DeepAnalyze consistently outperforms all compared systems across every task. Notably, agent systems built on proprietary LLMs with tool calls exhibit a significant performance drop on open-ended data research tasks compared to more instructive tasks, such as data preparation, analysis, and insight, where explicit steps or goals are provided.
So is data science a specialized loop that may be outside the core training of the major LLM vendors? Seems like for now, yes, and so a specialized inference scaffold shows improvements.
Coding loops
As we see with Claude Code, LLMs can be incredibly effective if they are allowed to operate in a loop - try something, check results, try again, and continue until success is reached. A short paper published in September showcases a new model called LLMLoop. The authors found enormous improvements in specific coding workflows by giving LLM structure and testing out improvements in a loop.

Even without a loop, having structured, systemic steps helped a lot. The baseline initial generation got 71% of the benchmark problems correct. But with structured steps, that jumped to 80%.
But doing multiple loops helps a lot too. When the LLM was able to try 10 times (instead of just one), success jumped to over 90%.
The need for structured loops in education agents
This points to one of the foundational ways to make any AI agent system more reliable: help it reflect and check its work along the way. With coding systems, we see that unit tests, command line tools and build systems can provide checks that are more easily automated.
In education, many steps along the instructional path are squishy and harder to measure and test precisely. It’s easier to tell that a unit test passed than that feedback is excellent, or that a student has understood the material. But as we see here, we can use LLMs to help with the evaluation to maybe overcome that ambiguity and still provide useful tools. They don’t have to be perfect, just good enough to be able to gradually earn trust of teachers and students over time.





This is great! Thanks Luke! I’ve also been looking into flipped feedback frameworks… have the model generate a poor a good and a great draft… then have the student construct feedback for each using a rubric. Put the cognitive effort on the learner to maximize their neural restructuring.

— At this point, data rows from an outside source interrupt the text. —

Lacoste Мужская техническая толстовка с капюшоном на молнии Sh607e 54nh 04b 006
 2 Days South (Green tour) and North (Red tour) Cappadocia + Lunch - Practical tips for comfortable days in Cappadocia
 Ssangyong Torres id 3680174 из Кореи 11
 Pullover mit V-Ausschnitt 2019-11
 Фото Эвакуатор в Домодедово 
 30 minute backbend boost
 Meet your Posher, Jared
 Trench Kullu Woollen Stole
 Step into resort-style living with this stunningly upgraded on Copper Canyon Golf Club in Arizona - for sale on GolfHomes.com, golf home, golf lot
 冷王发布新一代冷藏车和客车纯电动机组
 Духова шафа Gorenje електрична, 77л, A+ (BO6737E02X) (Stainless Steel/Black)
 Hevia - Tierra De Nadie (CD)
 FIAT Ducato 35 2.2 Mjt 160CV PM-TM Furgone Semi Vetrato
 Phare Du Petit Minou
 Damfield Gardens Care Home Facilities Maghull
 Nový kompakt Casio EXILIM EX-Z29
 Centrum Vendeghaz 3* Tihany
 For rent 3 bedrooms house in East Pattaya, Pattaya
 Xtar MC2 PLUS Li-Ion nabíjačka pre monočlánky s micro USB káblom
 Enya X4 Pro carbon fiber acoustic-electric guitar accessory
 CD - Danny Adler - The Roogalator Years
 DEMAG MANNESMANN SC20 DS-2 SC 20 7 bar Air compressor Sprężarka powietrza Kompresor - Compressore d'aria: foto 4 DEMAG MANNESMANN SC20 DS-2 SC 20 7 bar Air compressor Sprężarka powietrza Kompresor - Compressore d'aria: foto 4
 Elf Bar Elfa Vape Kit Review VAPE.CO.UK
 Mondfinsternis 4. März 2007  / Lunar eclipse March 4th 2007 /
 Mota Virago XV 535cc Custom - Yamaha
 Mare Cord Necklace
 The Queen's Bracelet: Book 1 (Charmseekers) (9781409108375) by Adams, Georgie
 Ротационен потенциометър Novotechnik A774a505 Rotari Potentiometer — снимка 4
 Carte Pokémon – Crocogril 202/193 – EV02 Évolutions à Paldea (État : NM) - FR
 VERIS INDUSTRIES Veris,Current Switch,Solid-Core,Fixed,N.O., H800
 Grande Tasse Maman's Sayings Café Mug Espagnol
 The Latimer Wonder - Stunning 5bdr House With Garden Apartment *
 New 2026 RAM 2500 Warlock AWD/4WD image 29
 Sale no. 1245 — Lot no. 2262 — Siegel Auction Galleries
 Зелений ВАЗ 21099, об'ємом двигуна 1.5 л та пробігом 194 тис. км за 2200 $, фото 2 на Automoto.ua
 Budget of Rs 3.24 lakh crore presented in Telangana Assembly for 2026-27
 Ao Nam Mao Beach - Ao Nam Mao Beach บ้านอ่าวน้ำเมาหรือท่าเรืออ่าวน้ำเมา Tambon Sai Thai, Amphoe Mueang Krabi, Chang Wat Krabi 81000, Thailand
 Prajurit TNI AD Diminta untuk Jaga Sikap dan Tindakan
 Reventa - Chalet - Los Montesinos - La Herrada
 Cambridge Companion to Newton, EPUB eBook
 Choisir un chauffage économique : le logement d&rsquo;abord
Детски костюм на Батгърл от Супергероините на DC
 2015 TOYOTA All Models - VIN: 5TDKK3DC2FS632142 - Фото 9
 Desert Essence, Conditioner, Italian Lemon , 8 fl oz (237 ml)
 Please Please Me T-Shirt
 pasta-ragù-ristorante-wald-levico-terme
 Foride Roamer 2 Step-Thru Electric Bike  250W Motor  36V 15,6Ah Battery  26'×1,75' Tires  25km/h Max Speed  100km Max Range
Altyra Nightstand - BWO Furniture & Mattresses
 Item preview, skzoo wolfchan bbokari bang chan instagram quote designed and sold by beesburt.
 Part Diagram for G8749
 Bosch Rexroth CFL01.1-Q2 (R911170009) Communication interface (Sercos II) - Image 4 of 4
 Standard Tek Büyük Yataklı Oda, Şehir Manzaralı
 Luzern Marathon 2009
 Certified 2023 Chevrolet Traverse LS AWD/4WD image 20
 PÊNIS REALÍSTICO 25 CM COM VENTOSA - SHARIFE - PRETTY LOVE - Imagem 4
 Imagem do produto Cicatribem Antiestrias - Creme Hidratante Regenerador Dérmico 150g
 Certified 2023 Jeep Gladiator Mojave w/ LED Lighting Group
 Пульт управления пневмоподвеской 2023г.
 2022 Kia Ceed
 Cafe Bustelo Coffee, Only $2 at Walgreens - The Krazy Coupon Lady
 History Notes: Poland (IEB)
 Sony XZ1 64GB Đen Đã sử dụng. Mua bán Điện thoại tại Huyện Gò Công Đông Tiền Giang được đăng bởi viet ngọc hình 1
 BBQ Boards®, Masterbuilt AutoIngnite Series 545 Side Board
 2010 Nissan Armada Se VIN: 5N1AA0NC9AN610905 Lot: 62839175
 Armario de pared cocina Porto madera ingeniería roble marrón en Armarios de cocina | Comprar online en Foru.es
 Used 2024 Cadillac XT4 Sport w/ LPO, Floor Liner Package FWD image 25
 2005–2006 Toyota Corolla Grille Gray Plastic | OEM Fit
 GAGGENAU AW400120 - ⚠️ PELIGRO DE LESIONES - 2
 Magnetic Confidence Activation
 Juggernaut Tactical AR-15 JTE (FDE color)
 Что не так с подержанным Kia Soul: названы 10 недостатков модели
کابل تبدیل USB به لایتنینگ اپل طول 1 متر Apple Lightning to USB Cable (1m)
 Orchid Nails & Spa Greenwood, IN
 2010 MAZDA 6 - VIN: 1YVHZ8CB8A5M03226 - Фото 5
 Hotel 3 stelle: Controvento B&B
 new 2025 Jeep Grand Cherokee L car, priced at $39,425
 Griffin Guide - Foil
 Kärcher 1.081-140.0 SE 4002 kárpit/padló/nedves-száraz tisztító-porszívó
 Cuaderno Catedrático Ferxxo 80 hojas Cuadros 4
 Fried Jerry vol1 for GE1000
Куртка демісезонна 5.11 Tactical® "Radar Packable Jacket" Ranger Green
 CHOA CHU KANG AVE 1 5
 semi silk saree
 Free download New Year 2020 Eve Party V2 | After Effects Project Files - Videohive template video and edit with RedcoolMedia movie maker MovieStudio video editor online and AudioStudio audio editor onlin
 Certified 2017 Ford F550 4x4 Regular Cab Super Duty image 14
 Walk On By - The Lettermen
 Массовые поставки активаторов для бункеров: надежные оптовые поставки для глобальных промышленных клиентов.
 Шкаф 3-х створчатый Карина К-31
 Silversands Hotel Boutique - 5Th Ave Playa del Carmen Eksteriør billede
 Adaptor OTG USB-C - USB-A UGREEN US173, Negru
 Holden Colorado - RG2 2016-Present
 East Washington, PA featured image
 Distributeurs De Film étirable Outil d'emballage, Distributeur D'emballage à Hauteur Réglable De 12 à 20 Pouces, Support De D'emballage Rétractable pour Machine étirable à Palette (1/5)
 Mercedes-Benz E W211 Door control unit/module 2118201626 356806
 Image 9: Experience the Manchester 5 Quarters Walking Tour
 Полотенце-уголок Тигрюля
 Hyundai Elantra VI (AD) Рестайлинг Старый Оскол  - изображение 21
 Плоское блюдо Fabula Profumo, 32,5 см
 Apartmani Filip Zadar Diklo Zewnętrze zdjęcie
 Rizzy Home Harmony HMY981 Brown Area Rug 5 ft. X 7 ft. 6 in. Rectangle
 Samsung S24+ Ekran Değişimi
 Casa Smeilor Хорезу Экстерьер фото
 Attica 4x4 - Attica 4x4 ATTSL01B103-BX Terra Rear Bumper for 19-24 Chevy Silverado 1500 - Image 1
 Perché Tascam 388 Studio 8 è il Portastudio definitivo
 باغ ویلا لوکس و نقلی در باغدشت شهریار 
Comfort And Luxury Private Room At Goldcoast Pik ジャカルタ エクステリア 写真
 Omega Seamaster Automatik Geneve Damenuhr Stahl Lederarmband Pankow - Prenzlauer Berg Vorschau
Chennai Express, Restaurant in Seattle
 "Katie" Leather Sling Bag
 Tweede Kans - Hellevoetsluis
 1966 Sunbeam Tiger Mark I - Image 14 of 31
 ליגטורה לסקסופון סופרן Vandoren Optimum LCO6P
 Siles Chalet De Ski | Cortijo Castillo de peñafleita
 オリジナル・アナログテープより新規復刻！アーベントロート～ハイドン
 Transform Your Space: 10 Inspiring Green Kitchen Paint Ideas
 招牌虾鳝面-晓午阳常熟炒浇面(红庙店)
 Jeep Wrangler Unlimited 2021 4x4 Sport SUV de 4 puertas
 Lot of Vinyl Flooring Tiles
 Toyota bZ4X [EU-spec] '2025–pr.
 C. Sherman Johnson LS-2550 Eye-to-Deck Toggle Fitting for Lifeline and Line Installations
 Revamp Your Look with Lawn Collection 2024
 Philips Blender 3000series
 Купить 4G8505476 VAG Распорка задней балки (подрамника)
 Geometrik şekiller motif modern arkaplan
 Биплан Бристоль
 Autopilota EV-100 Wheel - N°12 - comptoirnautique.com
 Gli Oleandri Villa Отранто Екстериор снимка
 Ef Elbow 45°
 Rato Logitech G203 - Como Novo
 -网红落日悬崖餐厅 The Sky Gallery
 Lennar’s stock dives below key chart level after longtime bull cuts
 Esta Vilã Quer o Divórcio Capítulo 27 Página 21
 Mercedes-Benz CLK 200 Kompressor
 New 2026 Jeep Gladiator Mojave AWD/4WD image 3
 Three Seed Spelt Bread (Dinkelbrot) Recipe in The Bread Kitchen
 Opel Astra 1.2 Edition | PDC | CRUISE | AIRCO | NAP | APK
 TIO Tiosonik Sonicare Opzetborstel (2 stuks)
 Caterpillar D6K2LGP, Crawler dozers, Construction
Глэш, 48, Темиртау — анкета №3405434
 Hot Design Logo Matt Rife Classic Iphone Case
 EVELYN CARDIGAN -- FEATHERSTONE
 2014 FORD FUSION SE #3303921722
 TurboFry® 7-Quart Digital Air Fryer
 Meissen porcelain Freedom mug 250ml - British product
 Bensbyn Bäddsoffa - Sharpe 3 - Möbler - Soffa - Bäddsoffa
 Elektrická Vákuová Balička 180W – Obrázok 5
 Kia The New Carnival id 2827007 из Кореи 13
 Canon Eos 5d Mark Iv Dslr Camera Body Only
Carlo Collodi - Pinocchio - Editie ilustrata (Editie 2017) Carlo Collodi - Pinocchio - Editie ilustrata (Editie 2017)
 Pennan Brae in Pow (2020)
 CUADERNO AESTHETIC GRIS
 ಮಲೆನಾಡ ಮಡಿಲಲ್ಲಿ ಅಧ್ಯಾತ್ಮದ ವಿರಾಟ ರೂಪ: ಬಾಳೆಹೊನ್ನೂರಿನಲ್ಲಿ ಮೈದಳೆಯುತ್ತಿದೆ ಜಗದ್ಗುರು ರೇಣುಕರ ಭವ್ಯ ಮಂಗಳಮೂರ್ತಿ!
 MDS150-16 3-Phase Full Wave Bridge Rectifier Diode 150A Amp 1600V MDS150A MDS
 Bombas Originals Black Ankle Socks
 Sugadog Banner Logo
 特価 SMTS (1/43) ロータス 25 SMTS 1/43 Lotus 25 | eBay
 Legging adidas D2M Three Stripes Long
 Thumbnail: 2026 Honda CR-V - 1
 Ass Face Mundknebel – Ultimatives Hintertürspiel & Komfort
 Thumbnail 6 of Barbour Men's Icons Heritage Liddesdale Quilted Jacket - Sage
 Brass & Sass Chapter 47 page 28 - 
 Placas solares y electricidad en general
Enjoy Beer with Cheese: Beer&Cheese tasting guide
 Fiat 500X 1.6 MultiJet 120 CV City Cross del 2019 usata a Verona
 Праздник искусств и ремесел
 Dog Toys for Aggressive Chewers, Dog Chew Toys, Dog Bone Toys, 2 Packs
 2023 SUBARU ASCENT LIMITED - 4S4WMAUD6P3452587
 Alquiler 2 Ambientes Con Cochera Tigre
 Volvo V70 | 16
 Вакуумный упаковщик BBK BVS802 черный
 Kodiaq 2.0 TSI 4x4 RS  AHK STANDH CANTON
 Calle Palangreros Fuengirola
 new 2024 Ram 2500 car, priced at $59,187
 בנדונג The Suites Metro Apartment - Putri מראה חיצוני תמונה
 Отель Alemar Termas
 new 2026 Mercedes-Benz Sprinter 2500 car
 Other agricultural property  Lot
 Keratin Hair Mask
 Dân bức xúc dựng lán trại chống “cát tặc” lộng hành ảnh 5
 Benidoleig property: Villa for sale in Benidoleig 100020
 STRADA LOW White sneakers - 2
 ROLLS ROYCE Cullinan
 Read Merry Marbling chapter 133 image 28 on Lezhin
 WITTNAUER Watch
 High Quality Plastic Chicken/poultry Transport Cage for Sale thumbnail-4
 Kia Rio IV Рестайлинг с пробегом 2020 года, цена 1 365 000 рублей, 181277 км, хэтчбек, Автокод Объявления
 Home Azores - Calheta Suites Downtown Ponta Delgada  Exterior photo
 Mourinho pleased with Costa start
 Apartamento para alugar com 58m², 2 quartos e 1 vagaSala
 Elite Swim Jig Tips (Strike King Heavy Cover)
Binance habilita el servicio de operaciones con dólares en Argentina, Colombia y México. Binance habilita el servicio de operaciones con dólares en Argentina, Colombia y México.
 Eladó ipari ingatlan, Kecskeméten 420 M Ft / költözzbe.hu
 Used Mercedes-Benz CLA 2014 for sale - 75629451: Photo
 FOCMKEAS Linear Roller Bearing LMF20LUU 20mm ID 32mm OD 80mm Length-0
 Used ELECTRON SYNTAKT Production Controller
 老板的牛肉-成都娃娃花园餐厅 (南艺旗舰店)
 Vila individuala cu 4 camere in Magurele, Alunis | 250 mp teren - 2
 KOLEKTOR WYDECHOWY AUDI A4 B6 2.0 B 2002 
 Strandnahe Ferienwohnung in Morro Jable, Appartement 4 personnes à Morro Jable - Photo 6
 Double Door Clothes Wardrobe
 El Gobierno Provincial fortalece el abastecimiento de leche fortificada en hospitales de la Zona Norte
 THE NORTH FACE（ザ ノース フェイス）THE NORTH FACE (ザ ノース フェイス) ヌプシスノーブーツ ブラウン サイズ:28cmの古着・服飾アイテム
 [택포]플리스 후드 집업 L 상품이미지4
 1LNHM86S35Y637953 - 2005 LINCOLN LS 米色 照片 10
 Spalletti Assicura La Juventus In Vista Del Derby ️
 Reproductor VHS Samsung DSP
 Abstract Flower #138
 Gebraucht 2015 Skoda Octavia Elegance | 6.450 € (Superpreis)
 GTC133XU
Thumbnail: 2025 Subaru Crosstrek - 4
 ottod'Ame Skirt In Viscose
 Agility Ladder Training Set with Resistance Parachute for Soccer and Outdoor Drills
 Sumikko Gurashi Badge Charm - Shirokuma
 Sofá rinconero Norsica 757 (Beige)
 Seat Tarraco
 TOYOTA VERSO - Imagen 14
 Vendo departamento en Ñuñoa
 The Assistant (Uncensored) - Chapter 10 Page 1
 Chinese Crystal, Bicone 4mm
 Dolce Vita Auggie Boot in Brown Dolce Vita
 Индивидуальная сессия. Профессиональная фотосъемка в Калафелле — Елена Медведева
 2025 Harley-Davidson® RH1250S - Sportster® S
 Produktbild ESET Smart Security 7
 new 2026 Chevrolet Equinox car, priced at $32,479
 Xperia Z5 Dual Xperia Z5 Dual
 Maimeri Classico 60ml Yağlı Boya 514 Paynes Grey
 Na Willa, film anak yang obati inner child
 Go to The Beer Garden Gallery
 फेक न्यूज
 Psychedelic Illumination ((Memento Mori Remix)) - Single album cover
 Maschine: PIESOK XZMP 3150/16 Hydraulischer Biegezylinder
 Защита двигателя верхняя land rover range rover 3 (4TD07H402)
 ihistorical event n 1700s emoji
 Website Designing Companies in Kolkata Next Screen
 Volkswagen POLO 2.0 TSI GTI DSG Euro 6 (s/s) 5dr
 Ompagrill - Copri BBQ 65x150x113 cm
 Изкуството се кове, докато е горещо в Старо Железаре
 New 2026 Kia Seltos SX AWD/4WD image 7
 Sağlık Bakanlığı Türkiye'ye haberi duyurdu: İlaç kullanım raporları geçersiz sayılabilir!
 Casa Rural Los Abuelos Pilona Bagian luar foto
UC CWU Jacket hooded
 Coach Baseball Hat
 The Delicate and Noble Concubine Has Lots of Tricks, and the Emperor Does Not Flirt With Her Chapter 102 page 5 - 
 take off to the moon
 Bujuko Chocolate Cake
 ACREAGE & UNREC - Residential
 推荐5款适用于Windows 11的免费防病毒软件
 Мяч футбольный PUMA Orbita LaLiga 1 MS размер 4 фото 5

Even though it was a long time ago I remember well all the hours we thought about this problem space. It's almost refreshing to think about how the core problems and perception of good feedback hasn't change. The tech has just caught up where it can be helpful.
One question I have is do teachers feel the draw to customize the feedback models? I have a interview I'm going to post soon to my Substack featuring a PM who works at Github leading their AI code review system and there could some interesting parallels to coding feedback and writing feedback. A lot more investment has likely been done on coding feedback loops and models, and maybe there are some transferable learnings.